Thanks for any help you can give me.


----------



## Daeanarah (May 7, 2012)

Love the robe and pj's tried to find your original pattern but no luck.
During that search, I found pics of your pirate, skier outfits.
Very cute.

Here is the pdf version of your Pj's, Slippers and Robe pattern. (Am Girl Bedtime Stories)
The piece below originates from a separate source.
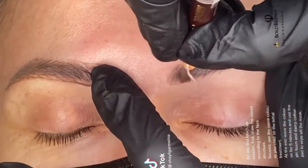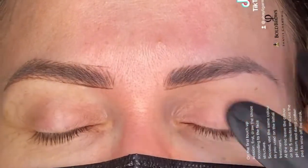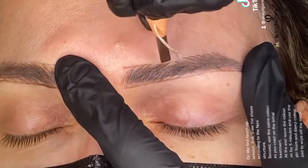On the first touch-up session: first, draw the shape according to the face structure. Second, use the same color as you used on the initial treatment. At the end, leave the color on for 5 minutes and use the foam and damp cotton pad to wipe off the mask.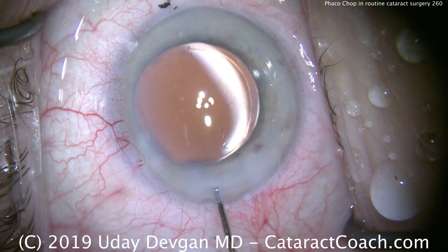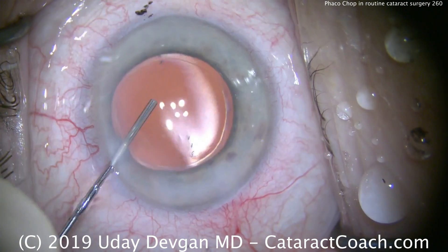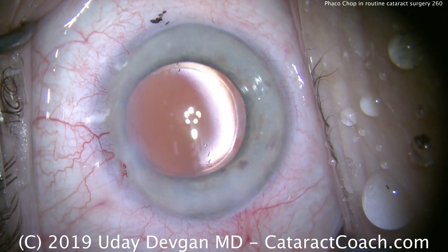Sealing up the incision here, and we're just about done with the case. Definitely encourage you to learn a technique like PhacoChop — it makes routine cataract surgery not only easier and more efficient, but a lot more fun. Thanks for watching.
There is enough room to punch holes on the side.
I also attached the pattern in Word for those who don't want it in pdf format.

Enjoy

Rhyanna


----------



## Tammy (Jan 26, 2011)

Hello I"m making my second pumpkin outfit I started monday and allmost finished with it they are so adorable thank you again so much I'm thinking of trying the pjs next  they must have jammies lol


----------



## Daeanarah (May 7, 2012)

Ok someone pointed out that this one could have been an earlier one However, the one I had posted was dated November 2012, whereas this one is dated June 2012. So the first one is the November 2012 version and second version the June 2012 issue.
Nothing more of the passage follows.